Federal immigration brokers tried to detain Mora. However due to California’s sanctuary regulation, “the jail was unable to carry him or talk with ICE about his launch and he walked out” on $15,000 bail, the investigating Sacramento County Sheriff’s Workplace reported Friday.
“This unspeakable tragedy highlights the true value, unintended or not, of sanctuary insurance policies that stop regulation enforcement from defending its residents,” mentioned Sacramento County Sheriff Scott Jones, who’s operating for Congress as a Republican.
The sheriff’s sweeping assertion is controversial.
There was a last-minute compromise compelled by Gov. Jerry Brown on the sanctuary invoice earlier than it handed the Legislature in 2017. The measure, by then-Senate chief Kevin de León — now a Los Angeles Metropolis Council member and mayoral candidate — denied California assist to federal brokers attempting to deport individuals who got here right here illegally however, like most, are staying out of hassle. The compromise meant ratting out unhealthy guys to the feds.
Go away the great ones alone and kick out the bums. Round 800 crimes have been listed as qualifiers for bum standing.
But when Mora didn’t meet the factors for being turned over to customs brokers, then the sanctuary regulation ought to be toughened up. He clearly ought to have been deported.
There’s lots about this mass taking pictures we nonetheless don’t know.
How did Mora get the gun? Did he purchase it off the road? Make it himself? Was it stolen? Did anybody know he had it?
Legislation enforcement should not have recognized, or it could have seized the weapon. You’d suppose.
There ought to be extra thorough investigations with in-depth interviews of home violence victims after they search restraining orders. And if the goal is discovered to own a firearm, confiscate it instantly. That will require extra money.
The statewide knowledge system can also be decrepit and details about restraining orders isn’t circulated broadly, if in any respect. Bonta needs cash to beef it up.
There’s a gun violence restraining order that’s targeted on firearms.

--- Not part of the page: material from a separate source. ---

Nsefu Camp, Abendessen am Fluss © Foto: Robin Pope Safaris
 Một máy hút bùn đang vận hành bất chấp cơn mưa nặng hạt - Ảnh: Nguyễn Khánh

It includes native “pink flag” packages aimed toward folks judged by a courtroom to be potential killers. Their weapons are confiscated instantly.
“Crimson flags are underutilized,” Bonta says.
There are about 24,000 Californians the lawyer basic’s workplace is aware of about who possess weapons and legally shouldn’t. However it might’t recruit sufficient state officers to seize the weapons and make a dent within the record. The job is harmful and the pay isn’t aggressive.
“We have now probably the most restrictive gun legal guidelines within the nation,” says Sacramento County Dist. Atty. Anne Marie Schubert, who’s operating for lawyer basic as an impartial. “However you must have the funding to take the weapons off the road. There are ghost weapons in all places proper now.”
There’s laws aimed toward tightening up the seemingly ineffective ghost gun ban.
Gov. Gavin Newsom tasks a $21-billion discretionary state surplus for the following fiscal yr. Take 1% of that and make investments it in defending younger ladies from their gun-toting fathers.
And assist the feds deport those right here illegally.

Politics
Trump admin files first racketeering charges against massive migrant terrorist group present in U.S.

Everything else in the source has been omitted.